→ **Activity**: Word for word, repeat the lines of the records from the first line up to and including the line that contains "Bolsa de mano OnTheGo PM", passing over any pictures.

→ **Scraped caption text data**:
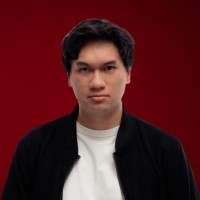 Enzo Thieu Email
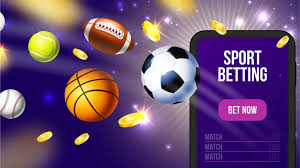 How to Maximize Your Winnings Strategies for Success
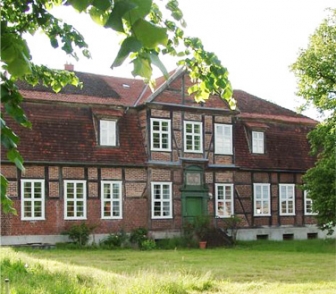 Jagdschule und Pension Schwiessel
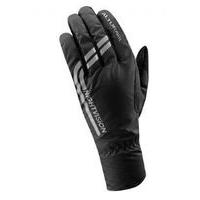 Altura Women`s Nightvision Waterproof Gloves 2017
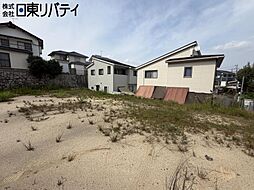 物件画像 安芸郡熊野町川角2丁目 3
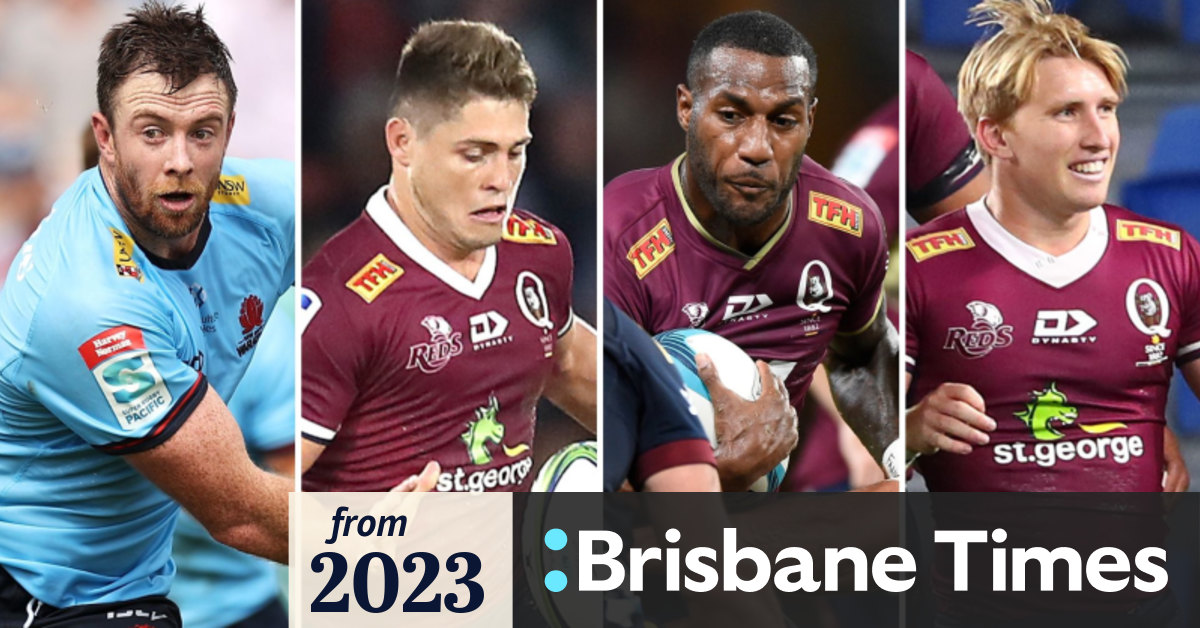 www.brisbanetimes.com.au
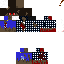 Texture for Ljun18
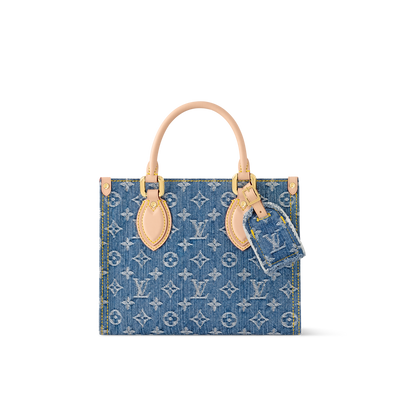 Bolsa de mano OnTheGo PM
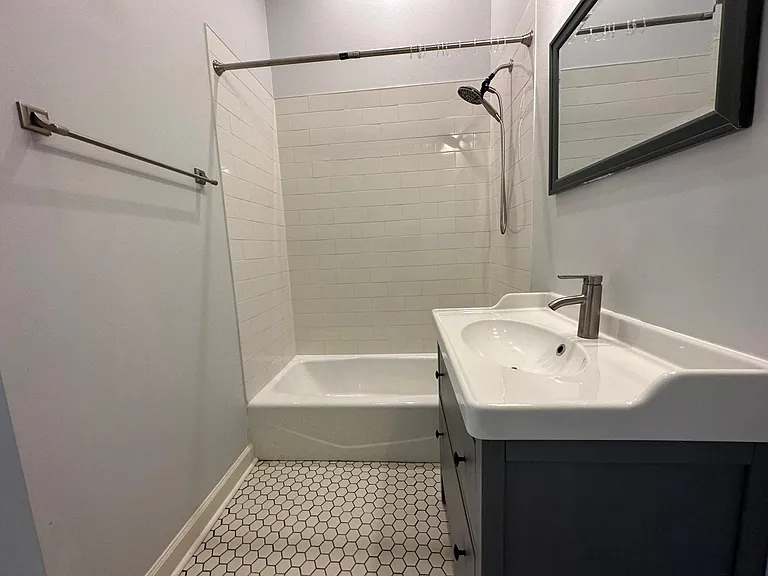 904 Scott St #5 — Photo 21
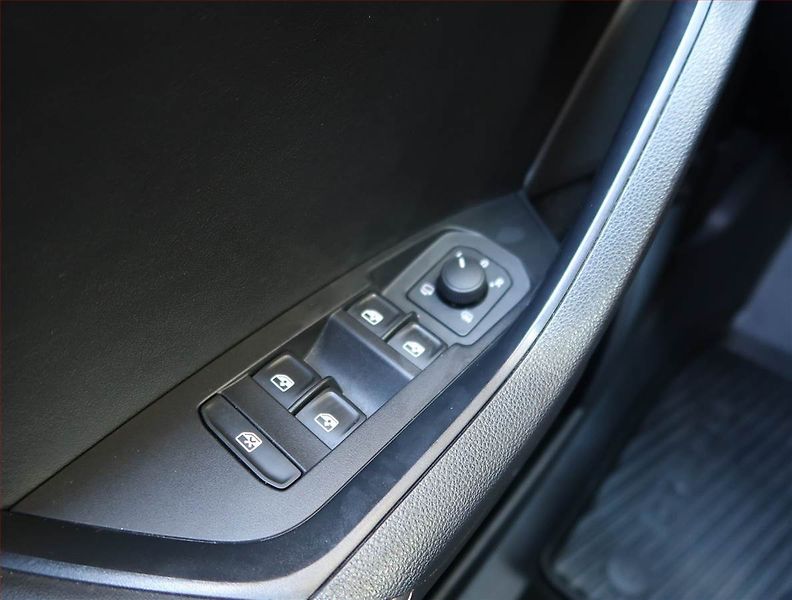 Škoda Kodiaq (2021) Style Plus 2.0 TDI 4x4 - fotka 18 z 25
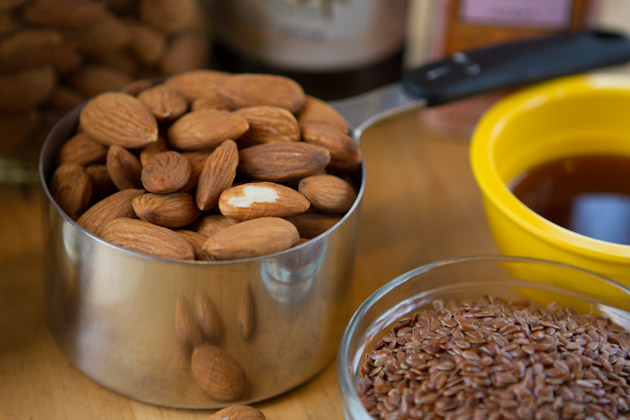 Apple-buckwheat-date-syrup2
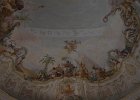 melk308 : Stift Melk, Melk, Wachau, Austria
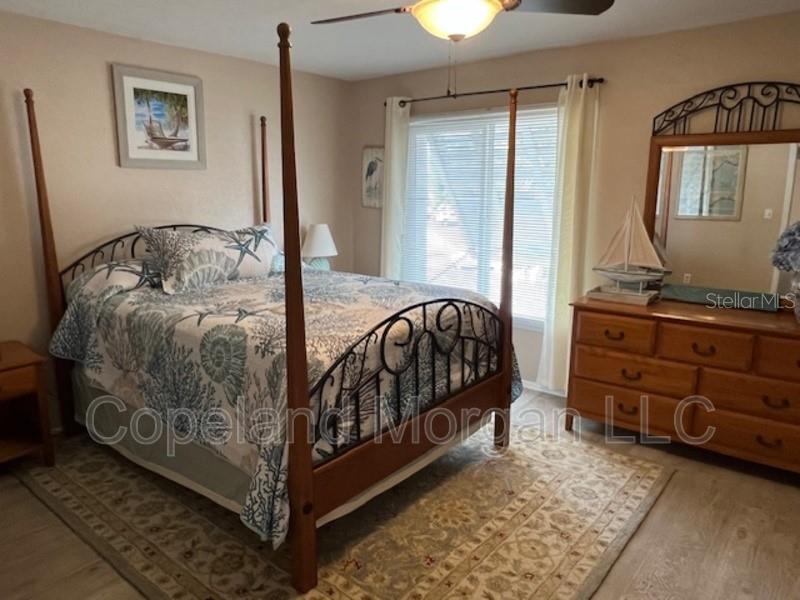 3580 41ST LN S #L, ST PETERSBURG, FL, 33711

→ **Task result**:
 Enzo Thieu Email
 How to Maximize Your Winnings Strategies for Success
 Jagdschule und Pension Schwiessel
 Altura Women`s Nightvision Waterproof Gloves 2017
 物件画像 安芸郡熊野町川角2丁目 3
 www.brisbanetimes.com.au
 Texture for Ljun18
 Bolsa de mano OnTheGo PM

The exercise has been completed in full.